Merci beaucoup, Madame la présidente.

Merci de m’avoir invitée dans ce colloque absolument passionnant … en me donnant sans doute la position la plus difficile puisque j’arrive derrière trois orateurs qui ont abordé à peu près tous les sujets avec brio. J’aurai l’impression sans doute de ne faire que ramasser un peu ces réflexions, une tâche d’ailleurs assez utile.

Après l’intervention de Joachim Le Floch-Imad vous disiez, Madame la présidente, qu’il y avait peut-être quelque chose d’un peu désespérant. J’ai senti que vous craigniez le pessimisme. C’est une caractéristique de cette époque : nous n’assumons pas le pessimisme. Peut-être est-il temps de désespérer la rue de Bourgogne, Billancourt et tout le reste, c’est-à-dire de regarder les choses en face !

Allons-y !

En effet, le constat qui a été dressé ce soir n’est pas totalement réjouissant. Pour autant, je crois, pour ma part, qu’il y a énormément à faire si tant est qu’on veuille réellement s’en donner les moyens, c’est-à-dire tout simplement partir d’un constat lucide pour essayer d’emporter une « jeunesse » – on a dit à quel point ce terme est vague -, d’emporter les jeunes citoyens français qui n’attendent qu’une chose, c’est qu’on leur offre un horizon.

De fait ce n’est pas forcément facile. L’obsession des politiques et des journalistes est de trouver comment parler à ces jeunes gens qui n’ont strictement rien à faire de ce que nous pouvons leur dire. « Il faudrait quand même pouvoir parler à la jeunesse. Il faudrait trouver quelque chose à lui dire mais quoi ? », me disait un jour un jeune secrétaire d’État dont je ne citerai pas le nom (j’ai été un peu interloquée de le voir, ensuite, devenir ministre de l’Éducation nationale). Je pense pour ma part qu’il y a énormément de choses à dire à la jeunesse française et je suis toujours un peu étonnée de voir les politiques à ce point-là « à sec ».

Une question qui peut sembler un peu annexe mais qui pèse énormément a été abordée par Joachim Le Floch-Imad. C’est la question économique.

Ayons d’abord en tête qu’au sortir de la Seconde Guerre mondiale, quand tout était à refaire, le système économique choisi voulait remercier la jeunesse de son sacrifice. Tous ces jeunes gens qui avaient payé un lourd tribut dans la guerre la plus épouvantable que le monde ait connue ont pu ensuite construire leur vie. Évidemment il fallait reconstruire, il y avait du travail, mais la structure même était faite pour qu’ils puissent se loger, emprunter, pour qu’ils puissent donc construire leur vie.

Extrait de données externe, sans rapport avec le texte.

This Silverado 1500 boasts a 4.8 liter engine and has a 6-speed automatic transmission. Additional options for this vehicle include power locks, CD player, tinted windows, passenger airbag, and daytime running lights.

Le moins que l’on puisse dire c’est qu’aujourd’hui le système économique n’est pas en faveur de la jeunesse. Contrairement aux discours qui ont été tenus après le covid (« rien ne sera plus comme avant… il faut remercier ces jeunes qui ont accepté de subir un enfermement dans une période de leur vie où on ne devrait pas avoir à rester enfermé … ») rien n’a changé ! Nous sommes depuis des décennies dans un système qui favorise les épargnants, qui favorise ceux qui détiennent le patrimoine. Ce système, qui rend beaucoup plus difficile l’accès au marché du travail, au logement, défavorise mécaniquement la jeunesse. Les politiques de monnaie forte qui ont été menées pendant extrêmement longtemps l’ont été au détriment de la jeunesse et en faveur, notamment, des épargnants allemands puisque, de fait, l’Allemagne n’a pas la même démographie que la France.

C’est une parenthèse mais la question économique est essentielle : si nous voulons comprendre les jeunes gens qui, aujourd’hui, découvrent les perspectives qui leur sont offertes il faut avoir en tête que nous ne les aidons pas.

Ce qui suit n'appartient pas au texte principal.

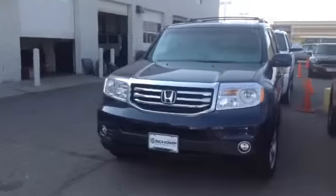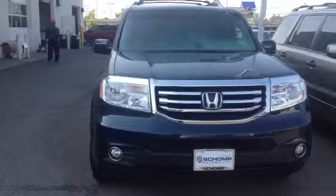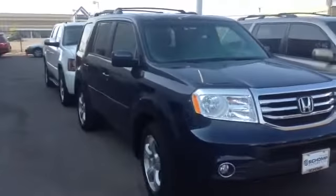Good morning, Aaron. This is Scott over at Champanda. Just spoke to you on the phone. This is the pilot we were speaking of earlier.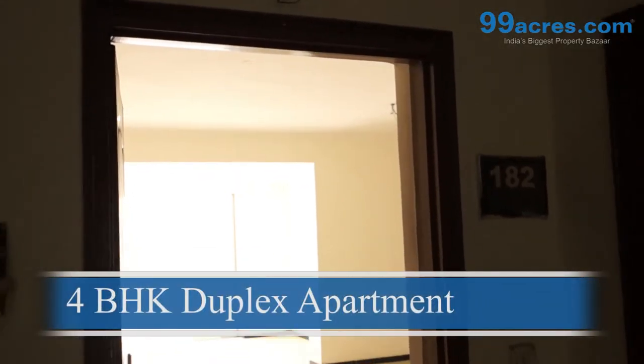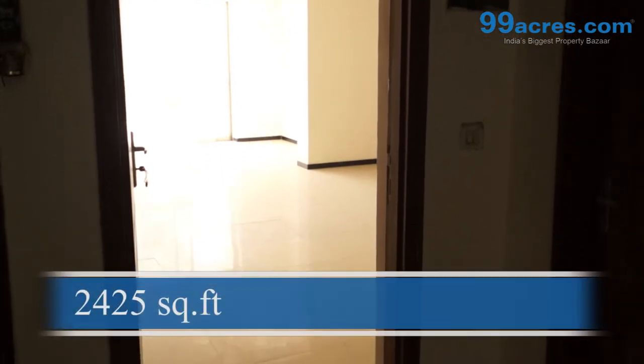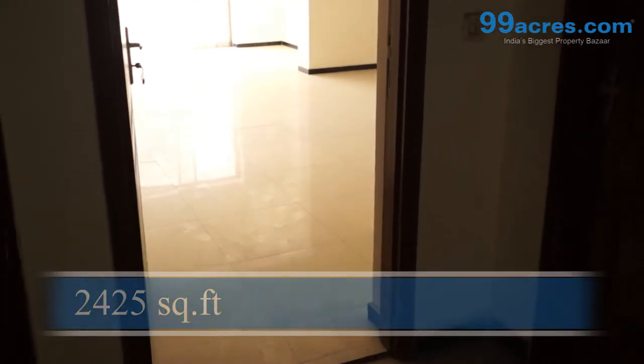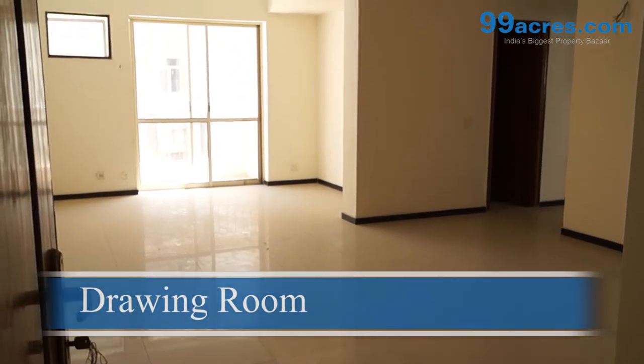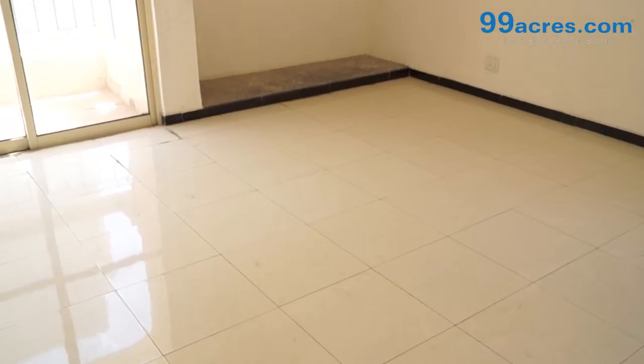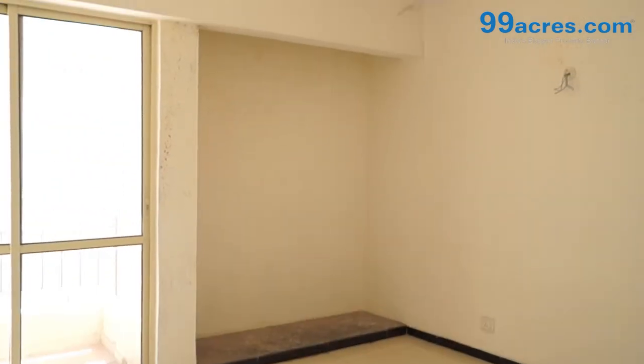This is a 4 BHK duplex residential apartment constructed in a built-up area of 2425 square feet. The apartment has a large drawing room, and all the bedrooms have attached toilets.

« La jeunesse française face aux grands défis de la nation », l’intitulé de ce colloque nous amène à nous poser deux questions : de quelle jeunesse parle-t-on ? et qu’est-ce qu’une nation ?

Quand nous parlons de nation nous avons tous en tête la définition qu’en a donnée Ernest Renan, à savoir, non seulement « un plébiscite de chaque jour », mais aussi – il faut en permanence rappeler cette partie souvent évacuée – « un legs de souvenirs communs ». Ce sont ces deux éléments qui permettent de forger l’entité historique d’une nation. Ce « legs » nécessite que ces souvenirs soient transmis aux jeunes générations qui adviennent. Dès lors que cette transmission s’interrompt, il manque un des deux éléments essentiels pour forger une nation. Accomplissons-nous ce travail vis-à-vis de la jeunesse ?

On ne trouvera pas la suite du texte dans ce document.